▸ **RECORDS SHOWN**
◇ ◇ ◇

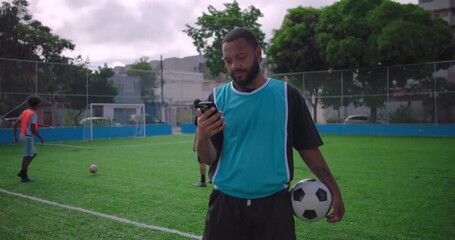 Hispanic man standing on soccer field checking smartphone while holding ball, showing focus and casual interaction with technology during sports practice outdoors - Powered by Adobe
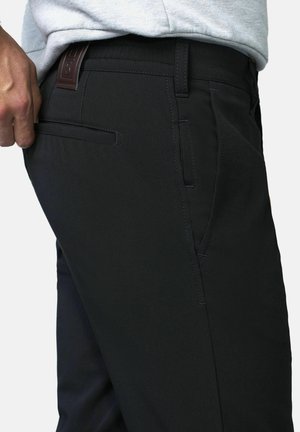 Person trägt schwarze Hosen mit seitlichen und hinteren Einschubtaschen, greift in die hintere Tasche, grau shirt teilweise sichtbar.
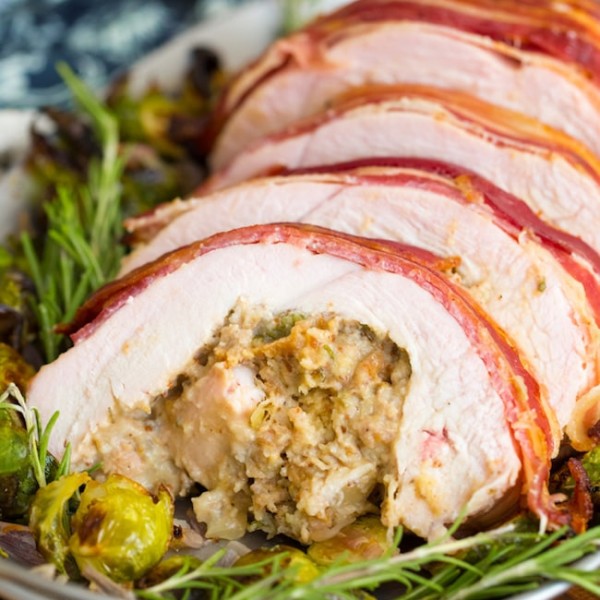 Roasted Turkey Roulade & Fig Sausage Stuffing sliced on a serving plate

◇ ◇ ◇

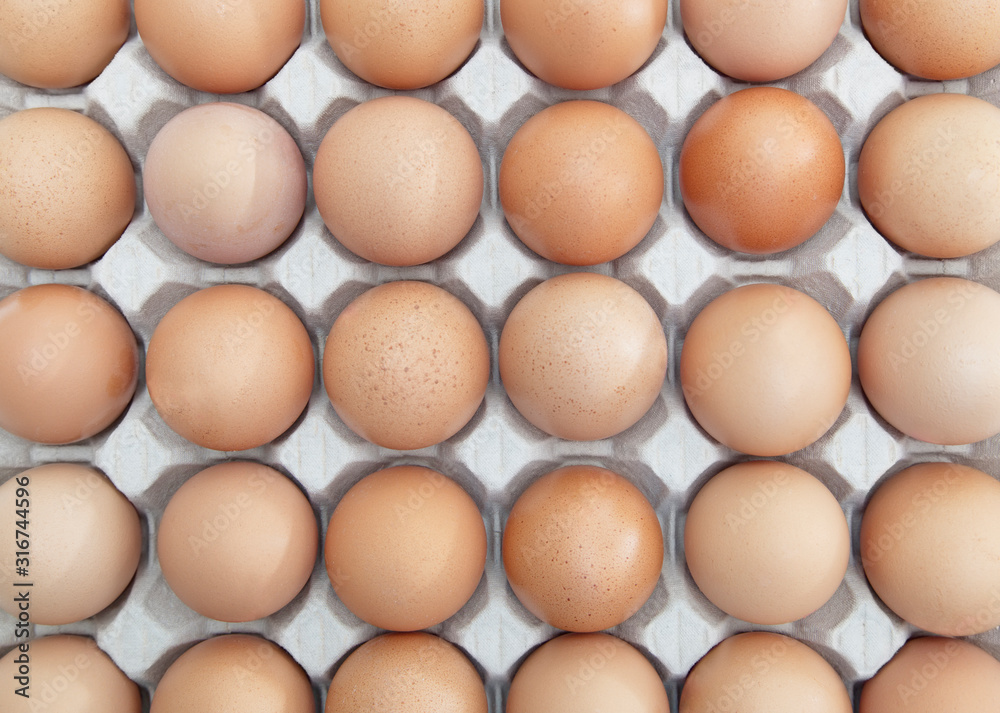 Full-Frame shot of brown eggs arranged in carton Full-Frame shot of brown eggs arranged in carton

◇ ◇ ◇

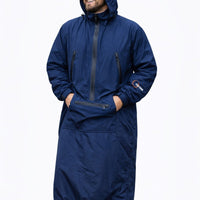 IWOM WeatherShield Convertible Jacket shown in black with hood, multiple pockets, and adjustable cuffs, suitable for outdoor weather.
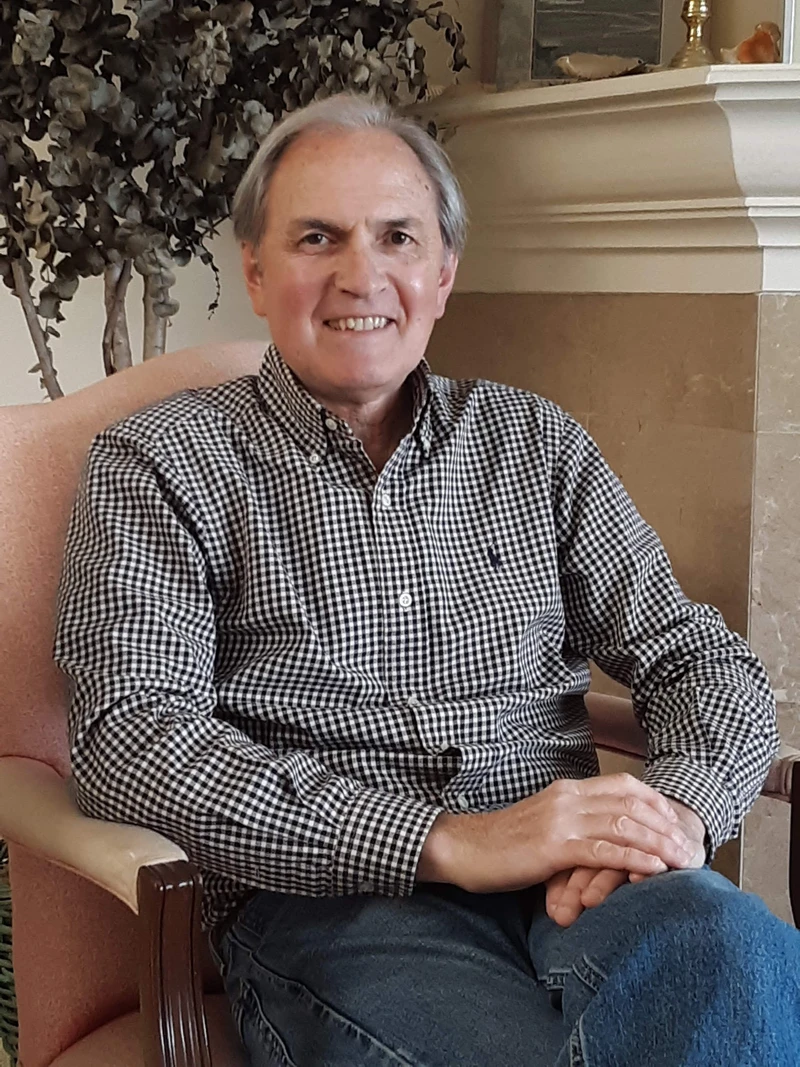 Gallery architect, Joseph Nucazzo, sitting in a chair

◇ ◇ ◇

▸ **EXERCISE**
Using the entries above, reproduce word for word only the lines from the one that contains "IWOM WeatherShield Convertible" to the one that contains "Gallery architect, Joseph", both ends included, and drop every picture.

▸ **SOLUTION TO THIS TASK**
 IWOM WeatherShield Convertible Jacket shown in black with hood, multiple pockets, and adjustable cuffs, suitable for outdoor weather.
 Gallery architect, Joseph Nucazzo, sitting in a chair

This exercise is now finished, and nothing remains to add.